» **EXERCISE DETAILS**
Skip pictures in the listing below; copy exactly the lines from the one with "Cykelbyxor - Svarta" through the one with "property at 1147 W Taylor St", inclusive.
━━━ SUPPLIED RECORDS ━━━
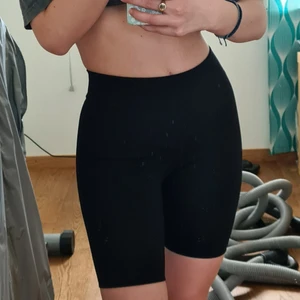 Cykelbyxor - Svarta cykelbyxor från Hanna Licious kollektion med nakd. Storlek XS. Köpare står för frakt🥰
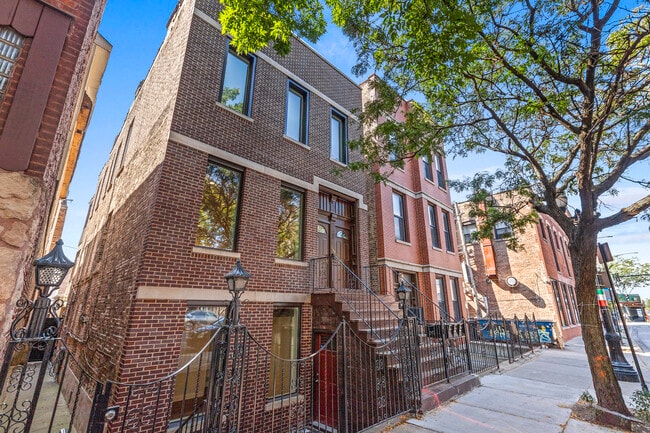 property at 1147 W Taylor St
━━━
━━━ SUPPLIED RECORDS ━━━
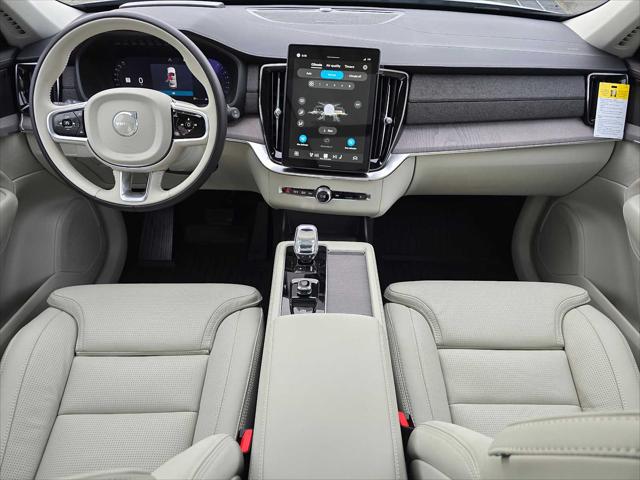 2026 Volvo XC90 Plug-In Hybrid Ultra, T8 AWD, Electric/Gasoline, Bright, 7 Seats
━━━
» **SOLUTION FOR THIS EXERCISE**
 Cykelbyxor - Svarta cykelbyxor från Hanna Licious kollektion med nakd. Storlek XS. Köpare står för frakt🥰
 property at 1147 W Taylor St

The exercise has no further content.